Background: The ability of biphenyl-tetrazole angiotensin type 1 (AT1) receptor antagonists (BTsartans) to block angiotensin II (Ang II)-mediated responses has been extensively investigated in vascular tissues and, more recently, in cell lines expressing the human AT1-receptor. When pre-incubated, BTsartans acted surmountably (shifting the Ang II concentration-response curve to the right) or insurmountably (also decreasing the maximal response). It was shown that their insurmountable behaviour is due to the formation of tight, long-lasting complexes with the receptor. Partial insurmountable antagonism is due to the co-existence of tight and loose complexes. The proportion of insurmountable antagonism, the potency and the dissociation rate of the BTsartans decreases in the order: candesartan > EXP3174 (losartan's active metabolite) > valsartan > irbesartan >> losartan.

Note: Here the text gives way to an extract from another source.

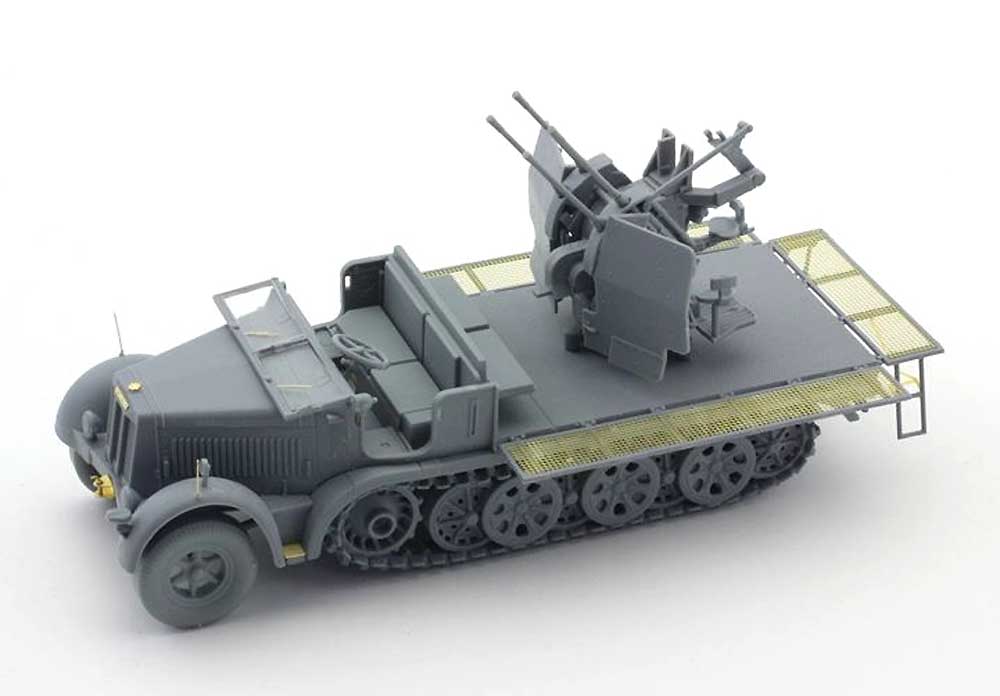 ドイツ Sd.Kfz.7/1 8トン ハーフトラック 4連装 20mm Flak38 自走対空砲 プラモデル (ORANGE HOBBY 1/72 Orange Model No.G72-205-088) 商品画像_3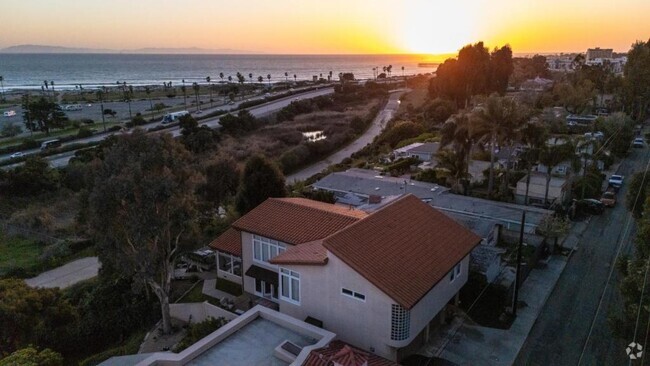 Building Photo - 1700 Vista Del Mar Dr Rental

Objective: It is of interest to explore how tight AT1-receptor binding of BTsartans such as candesartan might contribute to their long-lasting clinical effect.
Methods: Computer-assisted simulations (COPASI program) were performed to follow the receptor-occupation and protection by different antagonists as a function of time. Free antagonist concentrations were allowed to decrease exponentially with time.
Results: The simulations suggest that slow dissociation does not tangibly prolong receptor occupancy if the free antagonist is eliminated at a slower pace (as is the case for BTsartans). Yet when surmountable and insurmountable antagonists occupy the same amount of receptors, insurmountable antagonists offer appreciably better protection against fluctuations in natural messenger concentration.
Conclusion: Slow receptor dissociation and slow antagonist elimination are likely to act in synergy to produce long-lasting receptor protection.